**Problem requirements**
What you give back from the listing below should be an exact copy of the lines from the one with "dogmoon Lot de" down to the one with "Boat Canoe Swamp", and it should contain no pictures.

**Material provided**
+ + + + +
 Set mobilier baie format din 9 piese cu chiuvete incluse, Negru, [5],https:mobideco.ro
+ + + + +
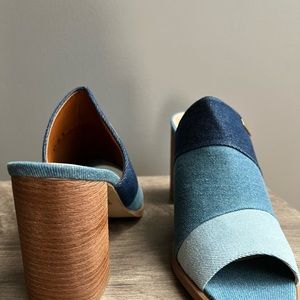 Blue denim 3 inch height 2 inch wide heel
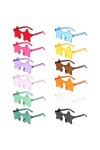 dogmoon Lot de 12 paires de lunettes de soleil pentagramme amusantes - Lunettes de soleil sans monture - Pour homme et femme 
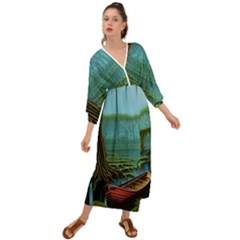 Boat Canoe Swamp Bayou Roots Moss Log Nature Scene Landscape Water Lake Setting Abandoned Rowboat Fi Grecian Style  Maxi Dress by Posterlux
+ + + + +
**Task result**
 dogmoon Lot de 12 paires de lunettes de soleil pentagramme amusantes - Lunettes de soleil sans monture - Pour homme et femme 
 Boat Canoe Swamp Bayou Roots Moss Log Nature Scene Landscape Water Lake Setting Abandoned Rowboat Fi Grecian Style  Maxi Dress by Posterlux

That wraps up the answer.